Q. You're happy he's still there, you can match up?

ANDRE AGASSI: Yeah, you never really want to see a player like that go away. You never want to see it. It's inevitable for all of us, and you get the feeling like it's closer for some than others. But anybody you've grown up with, competing with, I was just talking about today in the locker room, you know, I've been playing against Michael Chang for 23 years.

Q. When you broke on to the scene, you played against those Juniors, Jim, Michael, Pete, who did you think would be your greatest rival when you were starting off on the tour?

ANDRE AGASSI: It was hard to say because Michael was always younger and playing up, and so was Pete. So they were always sort of smaller and always playing better guys and losing, so you never really had a feel for how good they were going to be. You always sort of were pushing yourself to get better, looking at those, and they weren't quite, in the early Juniors, on my level. I was a year older, and a year makes a huge difference when you're 10 and 12 and 14 years old. Jim was sort of the first one to -- that I felt his presence. The first time Jim came out I said, "This guy has a big game." Michael broke through, but I always thought Jim had a big game.

Q. When you started playing on the tour in the early days, who did you think would be your greatest rival of those three?

ANDRE AGASSI: I'm glad nobody asked me then, because I would have said it might be anybody, but not Pete (laughter). I played Pete in Rome in 1989 and said, "The poor guy can't keep a ball in the court. He never should have got rid of his two-handed backhand. I just don't see a good future for him."

Q. Darren Cahill, 12 months on from his appointment, what has he brought to your game?

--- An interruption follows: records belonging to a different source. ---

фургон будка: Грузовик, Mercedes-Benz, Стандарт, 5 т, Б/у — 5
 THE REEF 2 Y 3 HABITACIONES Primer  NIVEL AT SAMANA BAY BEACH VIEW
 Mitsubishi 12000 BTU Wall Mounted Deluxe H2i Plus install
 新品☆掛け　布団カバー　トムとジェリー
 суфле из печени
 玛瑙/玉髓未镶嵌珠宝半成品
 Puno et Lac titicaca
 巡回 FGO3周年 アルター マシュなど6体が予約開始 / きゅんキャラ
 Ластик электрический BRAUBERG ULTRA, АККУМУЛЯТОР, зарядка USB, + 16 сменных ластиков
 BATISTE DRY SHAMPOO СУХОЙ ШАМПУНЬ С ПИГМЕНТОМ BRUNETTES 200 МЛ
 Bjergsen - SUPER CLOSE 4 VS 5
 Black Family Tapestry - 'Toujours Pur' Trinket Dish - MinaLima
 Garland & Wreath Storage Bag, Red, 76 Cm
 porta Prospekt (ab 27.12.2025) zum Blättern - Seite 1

ANDRE AGASSI: He's added a tremendous amount. If you really look at it for what it was, last year I left here not only in jeopardy of maybe never playing the game of tennis again, but I left here losing the win here at the Australian Open. I had the win at Palm Springs coming off, I had the win at Key Biscayne coming off. I was a lot closer to 50 in the world than I was 5 in the world with the future unsure. For him to step in and say, "Let's put our head down and go to work, I think there's things I can help you with," that doesn't just speak to him as a coach, because that's a given, but it also speaks to him as a man, somebody who's willing to step into that situation like that with potentially only downside. Unless I'm out here competing to win Slams, he's failed at his job. It takes a strong person to step up and do that, and I appreciated his commitment to me professionally and personally and still do. He's brought a tremendous amount of inspiration to my game, focus, and he's helped me get better.

Q. Wins like today, where it's very tight, the adrenaline is really going, sweeter now for you than they were ten years ago?

ANDRE AGASSI: I think so. I think everything sort of gets exaggerated as you get older. You realize there's less of everything out there to experience. That includes the disappointments. Unfortunately, you need a disappointment to appreciate how good it is to get through difficult matches. I definitely enjoy it more now.